After three months on the job, Vyas has no regrets. “One moment I can find myself dealing with public liability issues and the next I’m looking at some unusual information requests under the Freedom of Information Act.”

Vyas admits the partnership’s legal capability – of just himself – relies heavily on a healthy annual legal budget of £500,000 to procure outside assistance. As such, only certain legal work, such as matters relating to the Freedom of Information Act and adhering to public authority guidelines, are catered for in-house, while larger scale matters, such as litigation, are always outsourced.

But while Vyas may be a one-man band, he uses this to his advantage. With BHP wholly owned by Brent Council, he has the ability to outsource a substantial amount of work to the council’s separate 12-lawyer legal services team, including matters ranging from acquisitions to conveyancing, possession litigation and debt recovery matters.

“Brent Council is BHP’s first choice for any litigation,” Vyas explains. “We use it for all the usual run-of-the-mill local authority-type litigation,” he adds, citing dilapidation cases and possession matters as typical work passed onto the Brent Council team.

“The bulk of our legal expenditure actually ends up with Brent Council,” admits Vyas, who explains that the legal services team charges BHP an hourly rate that is “a lot lower” than that of private practice firms.

When the matter is out of the scope of the Brent Council legal team, Vyas uses DLA Piper, which has had a longstanding relationship with BHP and is also the only external firm that BHP works with.

Vyas typically sends Anthony Collins all contractual or property-related litigations and the firm is currently involved in an ongoing litigation case for the partnership which stemmed from Freedom of Information issues.

Litigations and enquiries aside, what Vyas is most excited about is the Housing Green Paper that was published by the Department for Communities and Local Government in July. The green paper is essentially a plan to ensure the construction of three million homes across the country by 2020 and the introduction of a new funding scheme called the Housing and Planning Delivery Grant.

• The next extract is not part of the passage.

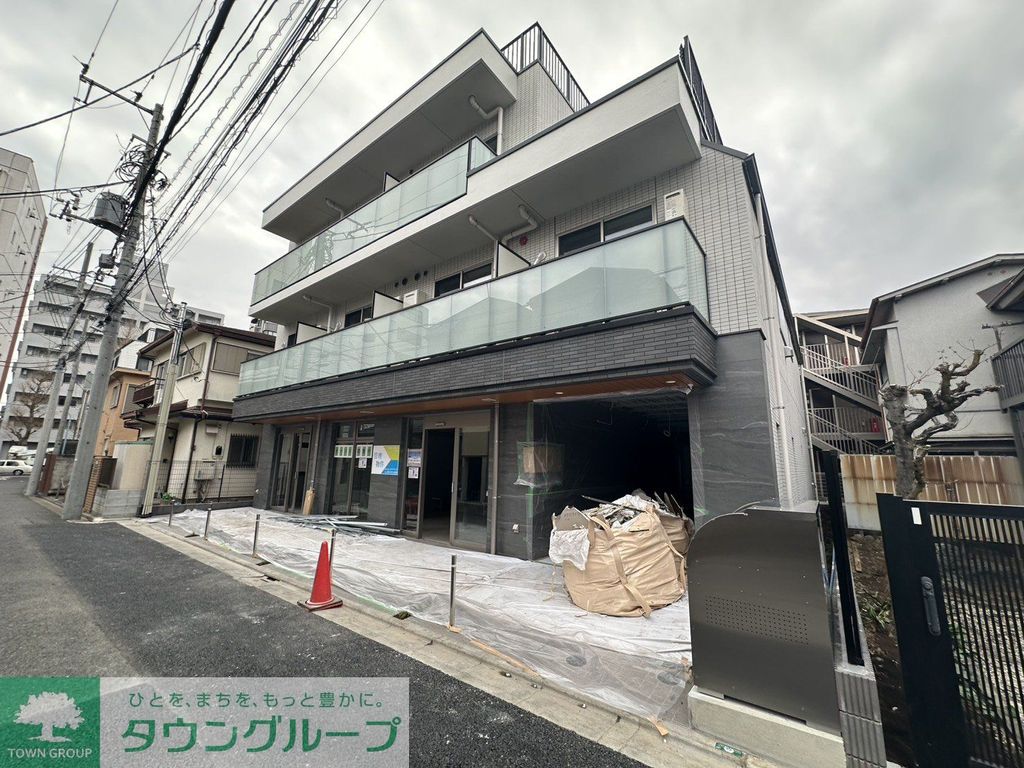 建物外観　エントランス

BHP is one of 10 councils that were given the green light to bid to build homes under the delivery grant. “This plan is a huge thing – it involves bidding for projects, acquiring land, awarding contracts, looking at titles,” Vyas explains. “I think the scope here is unlimited and it will definitely put pressure on our existing legal structure.”

Although Vyas has no plans to conduct any formal reviews of his legal function, or even establish a formal panel of law firms, he does not rule out the possibility of expanding the department. “Of course, with the amount of work that will be coming through, it would be more cost effective to keep as much as we can in-house.”

Work generated through the green paper is already beginning to stream in. “The Green Paper has already outlined what we have to do and the next phase involves acquisitions of land. I can already foresee planning and development issues arising,” says Vyas.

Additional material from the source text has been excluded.